Given that, I think that I can come up with an approach to allow more efficient queries and higher localization in the graph. The model assume an open and dynamic model (indeed, it relies on that).
We starts with geographical distribution. When we create a new user, we will place it in a shard dedicate to the geographical location the user is located on. This is a piece of data that we can get cheaply, and it has the advantage that users that interact with their circle of physical friends would tend to be clustered together anyway.
Next, we start assigning weights to associations. We only take into account outgoing associations (which solve the problem with outliers for incoming associations such as @aplsuk), but with a small twist, the weight of each outgoing association is taken as a portion of the total number of outgoing associations. In other words, the value of an outgoing association when you are following 10 friends is 0.1, but when you are following 500 friends, the value of each association is 0.002.
Next, we place some value on each mention that the user twits. A mention indicate that the association is active. For that matter, we probably need to create silent associations if a user keep mentioning someone that they are not following. For now, we will say that this value is 1% of the value of an association. That means that if I am following 100 users and I mentioned another user a hundred time, the value of the association is 0.02.
How does gravity comes into play here? Well, each outgoing association exact a pull on a node. But moving a node between shards is expensive, so we give shards an escape velocity. When we check if we need to re-shard a node, we aggregate the pulls of all the associations per node. Only if one shard pull is higher than the current shard pull + escape velocity will the node be shifted to the new shard.
Over time, this will tend to migrate most users close to the users that they are actively associated with. With that in mind, we can now move of to queries.
As I mentioned, I am interested more in this for graph traversal, and the good thing about this approach is that for the most part, most of the relevant information is located on the same shard. When the times comes to perform a query, we can assert that queries, too, need to have an escape velocity to cross a shard boundary. Unless there are enough outgoing connections to a given shard to overcome the escape velocity, outgoing connections to that shard are ignored. We can limit the cost of remote calls further if we increase the escape velocity for the query as the query search deeper. In other words, the escape velocity at depth = 0 would be 10, at depth = 1 it would be 100, at depth = 2 it would be 1000, etc.

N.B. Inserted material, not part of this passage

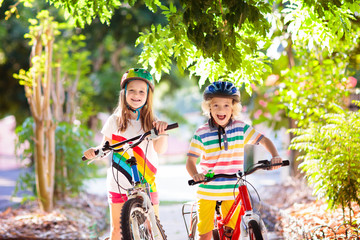 Kids on bike. Children on bicycle. Child biking.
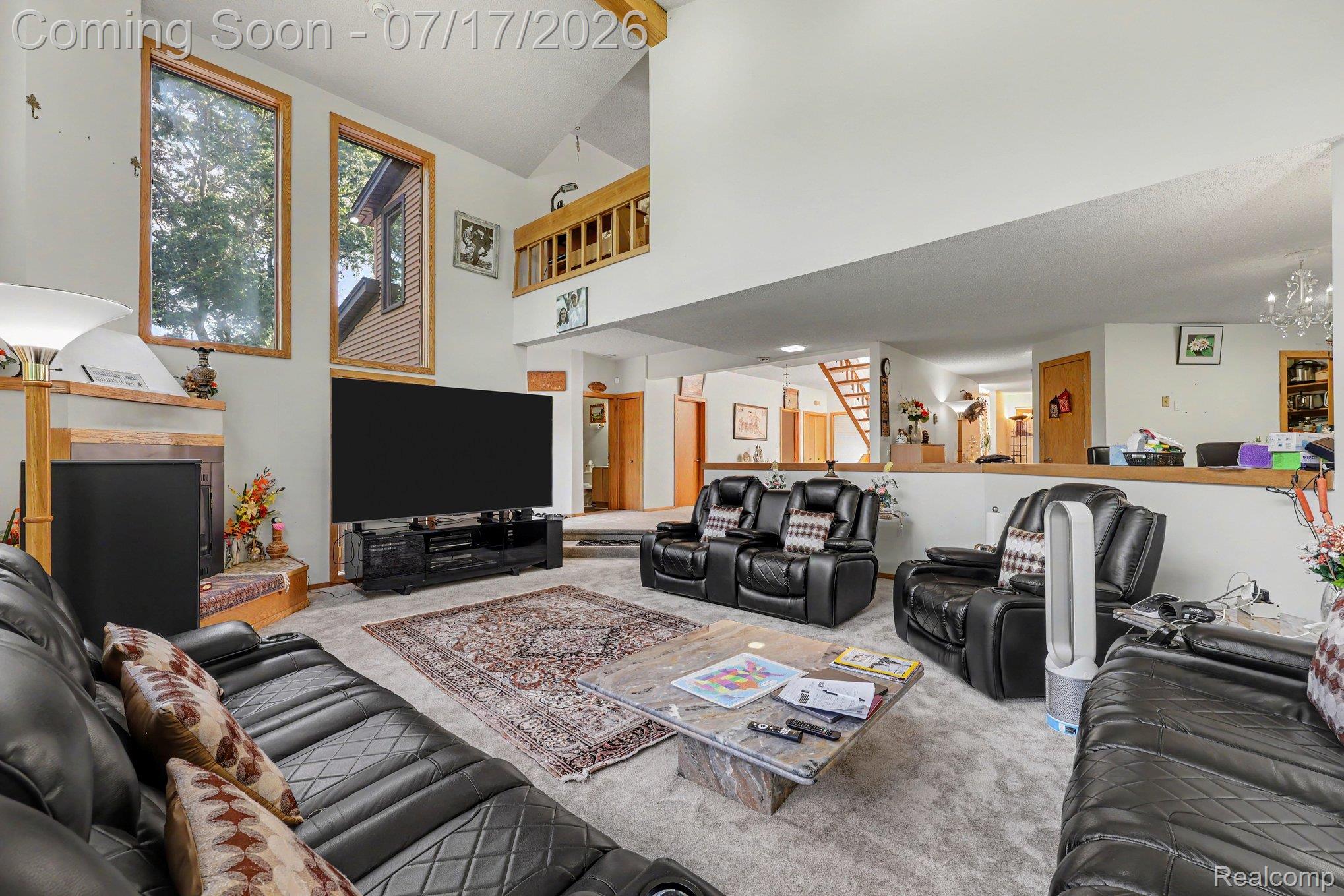 5685 Paint Valley Drive Rochester, MI 48306 - Photo 10 of 66 Vaulted ceiling living area featuring a fireplace with a wood mantel, oversized windows with wood trim, and a carpeted floor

While this represent a loss in accuracy of the results, it also mean that for the most case, results will tend to be more relevant.
Is this important if I don’t care for graph traversal?
There is another issue to consider, quite aside from graph traversal. The gravity approach outlined will tend to higher localization, and most operations are local. Consider writing a status update to all the people interested in that, when you have good locality, the cost of such on operation grows down drastically, in fact, I would say, it is highly likely that many such operations could be completed completely locally.